Decades of failed trade policies have left the American market flooded with a historic over-supply of foreign sugar. Those failed policies have forced sugarbeet growers to close 11 processing plants in the last 25 years, including one major closure this year. Once a facility closes it doesn’t reopen, harming the town it’s in and the surrounding communities. It leaves workers without jobs that need to relocate and a town and surrounding community that has lost a large part of its economic and tax base.
These conditions are unsustainable -- they threaten American farm families, cooperatives, workers, and rural communities across the county.
As the administration and Congress work to strengthen American manufacturing and agriculture, our family farms need urgent emergency relief to prevent more losses and factory closures and protect the economic engine that is rural America.
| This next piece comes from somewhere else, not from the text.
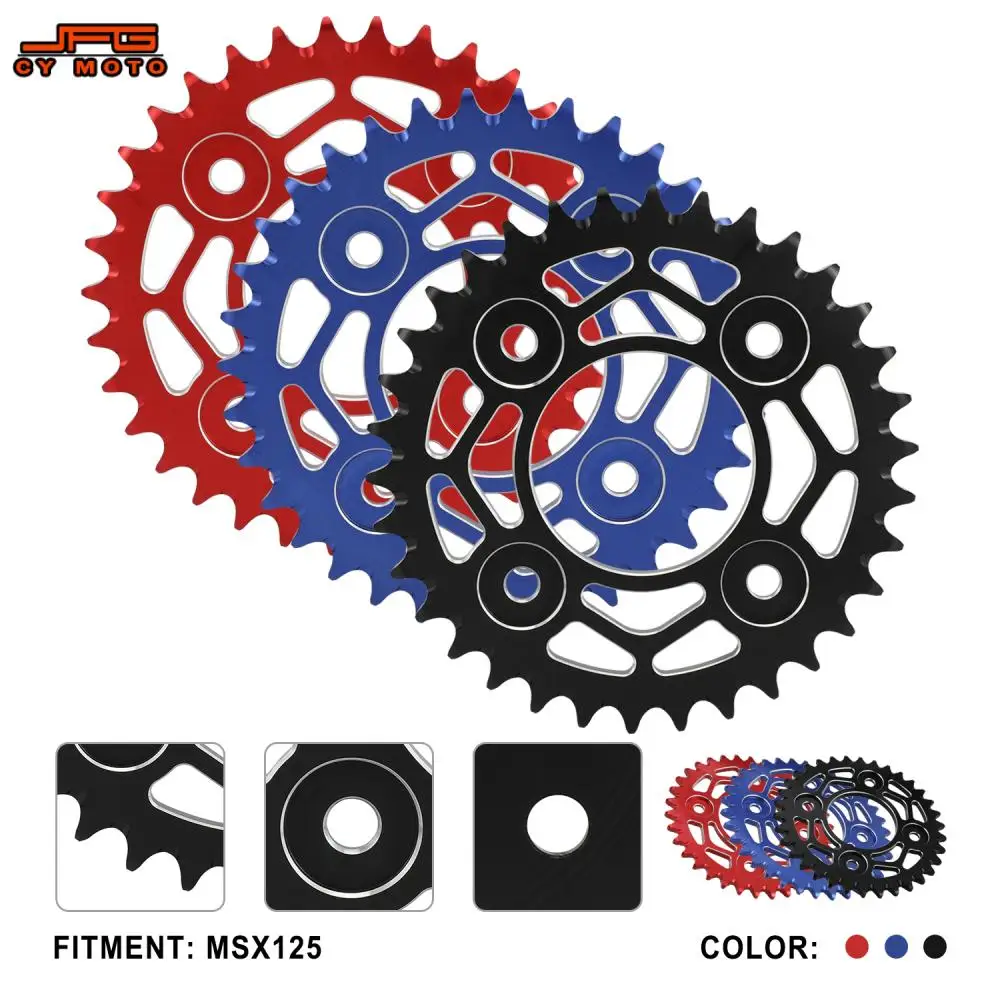 Chain Sprocket 420-34T Motorcycles Accessories CNC 7075 Aluminum Parts For HONDA MSX125 Motocross Dirt Pit Bike Off-Road Vehicle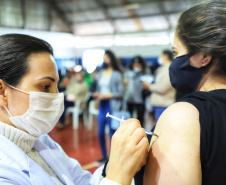 Paraná passa a marca de 11 milhões de vacinas contra a Covid-19 aplicadas . Foto: José Fernando Ogura/AEN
Because this isn’t just about sugar, it’s about American farms, American jobs, American families, and American food security.
The ability to grow and produce our own food isn’t a luxury, it’s a national security imperative. From the food on our tables to the paychecks that support thousands of factory and farm jobs, homegrown sugar is the cornerstone of a resilient, independent America.
It’s time to ensure the vibrancy of these rural economies and to preserve the multi-generational legacies of sugarbeet farm families. It’s time to protect the real sugar we grow right here at home.
America produces the best sugar in the world. Let’s stand up for the farmers who make that possible.
Clint Hagen is a fifth-generation farmer in Michigan and vice president of the American Sugarbeet Growers Association.